The move is designed to boost France’s independent bookshops, who claim they cannot compete with the cheap prices and swift delivery offered by their much larger US rival.
“The [book pricing] law is part of our cultural heritage,” said conservative MP Christian Kert who sponsored the bill.
Existing French laws require books to have a unique selling price, in order to protect small sellers, but until now stores have been allowed to apply a discount of up to five per cent. Amazon has angered small booksellers by combining this with free postage to build market share.
The company responded angrily, saying the move would hit consumers who have flocked to its service.

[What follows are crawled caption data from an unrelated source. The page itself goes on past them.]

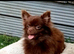 2 beautiful pomchi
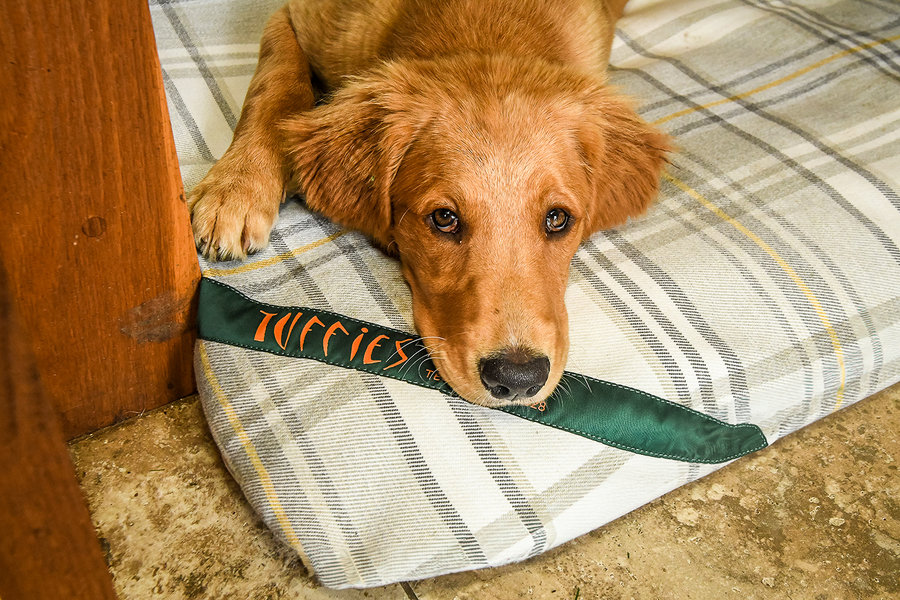 Sprigs Optional Washable Highland Tartan Mattress Dog Bed Cover Lifestyle Golden Retriever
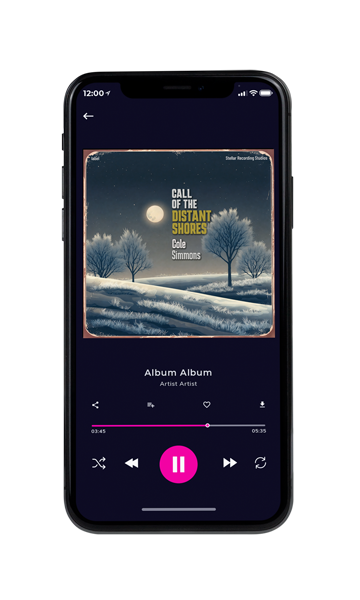 Tablet view of Premade Indie & Folk Music Album Cover - Limed Spruce #17438 | AlbumArtZone*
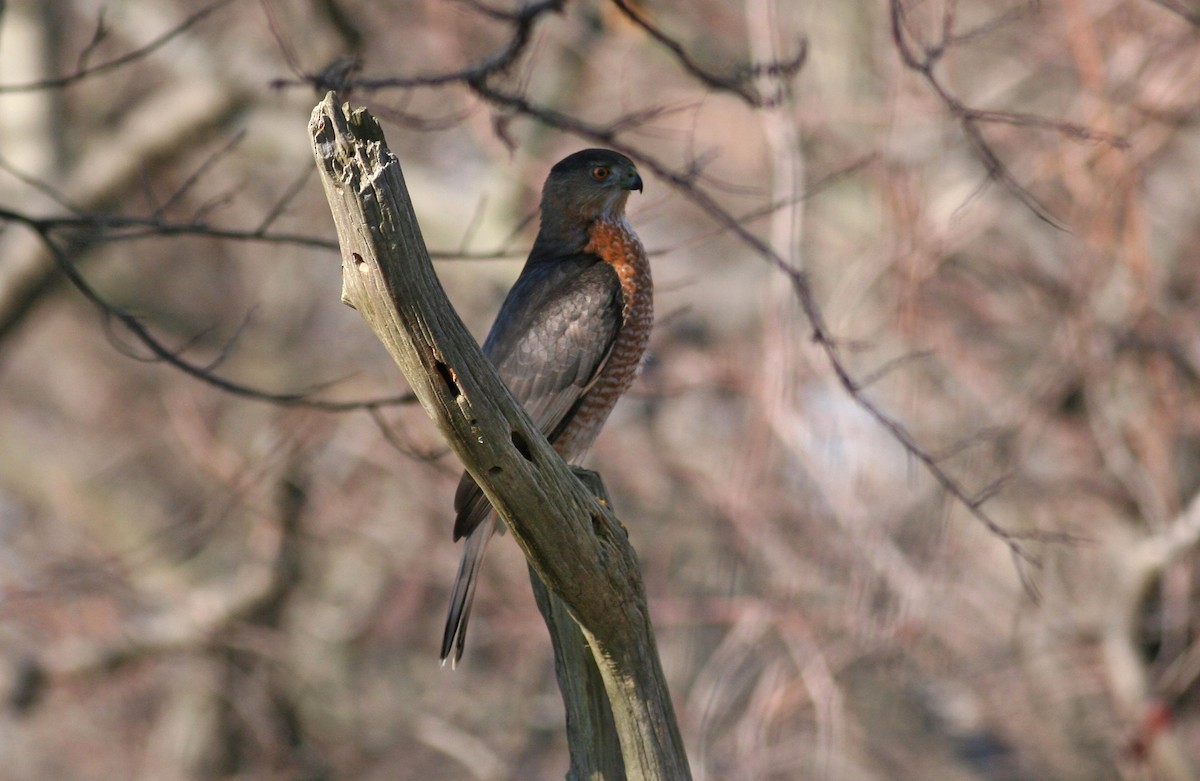 Cooper's Hawk - ML631051805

“All measures that aim to raise the price of books sold online will curb the ability of French people to buy cultural works and discriminates against those who buy online,” Amazon said.
France has a history of imposing taxes to try and protect the country’s domestic arts scene. Earlier this year the government considered imposing a tax on the sale of smartphones and music devices to subsidise domestic cultural projects.
Between 1900 and 1995 Britain had a voluntary arrangement between publishers and booksellers, known as the Net Book Agreement, which banned shops from offering books at a discount to their cover price. This collapsed when shops such as Waterstones began offering hefty discounts and the Office of Fair Trading issued a formal challenge on behalf of consumers.
Unlike traditional retailers, Amazon has repeatedly chosen to build market share rather than profit. Net sales grew by a quarter to $61bn (£37.8bn) in 2012 but the company still made a loss of around $39m.